12 O. S. 1941 § 1551(1) authorizes the appointment of a receiver in an action "between partners or others jointly owning or interested in any property or fund, on the application of the plaintiff, or of any party whose right to or interest in the property or fund, or the proceeds thereof, is probable, and where it is shown that the property or fund is in danger of being lost, removed or materially injured." We are of the opinion that this section applies to joint adventurers, who jointly own or are jointly interested in the property or fund acquired by and for the joint adventure. The plaintiff proved facts giving the trial court jurisdiction, under this section, to exercise a discretion in appointing or refusing to appoint a receiver for the jointly acquired property. True, as argued by the defendants, the rental contracts with options to purchase and apply the rentals on the purchase price were nominally between the owners of the property and the defendants, but the equity in said contracts belonged to the joint adventure, and the defendants did not have the right, as between them and the plaintiff, to waive such right to the loss of the joint adventure.

The defendants intimate in their briefs that it was incumbent on plaintiff *465 to prove that the defendants were insolvent. However, they cite no authority in support of such view, and we know of none in a case of this kind. While insolvency might be an important element in such a case, it is not a necessary element. High on Receivers (4th Ed.) ch. 1, § 18. The statutory provision, above, does not require it.

The fact that clause 2 of the contract, above quoted, gave the defendants the right to take complete control of the work does not exclude the right of the plaintiff to have a receiver appointed where, as here, it is claimed, and the evidence reasonably tends to establish, that the defendants have been guilty of fraud in carrying on the enterprise. 45 Am. Jur. 43, § 46; Kaufman v. Catzen, 81 W. Va. 1, 94 S.E. 388, L.R.A. 1918B, 672.

We are of the opinion, and hold, that under the record the trial court had jurisdiction to appoint the receiver and we cannot say that he abused his discretion in doing so. The authorities relied upon by the plaintiff, cited above, support the judgment appealed from, and the authorities relied upon by the defendants are not in conflict with our views herein expressed. See, also, High on Receivers (4th Ed.) ch. 13, §§ 483, 525.

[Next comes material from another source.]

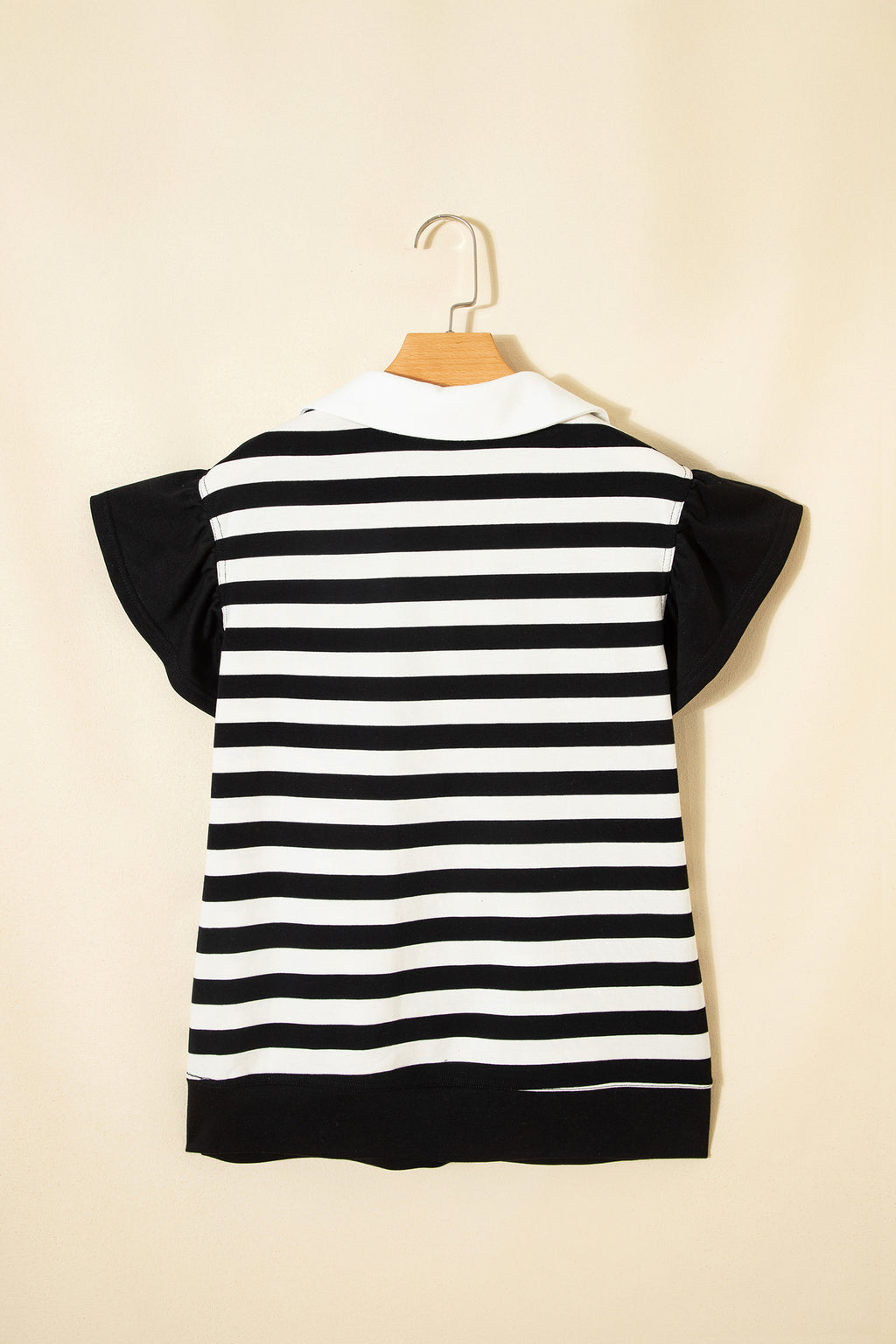 Black Stripe Collar V Neck Ruffled Short Sleeve Blouse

2. In the order appointing the receiver, the trial court directed the defendants to deliver to the receiver funds on deposit in a Dallas, Tex., bank, held in a special account and belonging to the joint adventure. The defendants argue that this order violates the rule that a receiver appointed in one state has no extraterritorial authority. But, as pointed out by the plaintiff, this order did not purport to give the receiver authority to go into the State of Texas and take possession of the funds; rather, it directed the defendants, who were before the court, to bring the funds into Oklahoma and deliver them to the receiver. This the court had authority to do. 53 C. J. 118, 390. And we cannot say that the court abused its discretion in making the order.

As above pointed out, the defendants introduced very little evidence, and stood upon the record made by the plaintiffs in resisting the appointment of the receiver. And their rights must not be prejudiced in the trial of the accounting feature by what we have said in this opinion.

Affirmed.

CORN, C. J., GIBSON, V. C. J., and RILEY, OSBORN, BAYLESS, WELCH, and DAVISON, JJ., concur.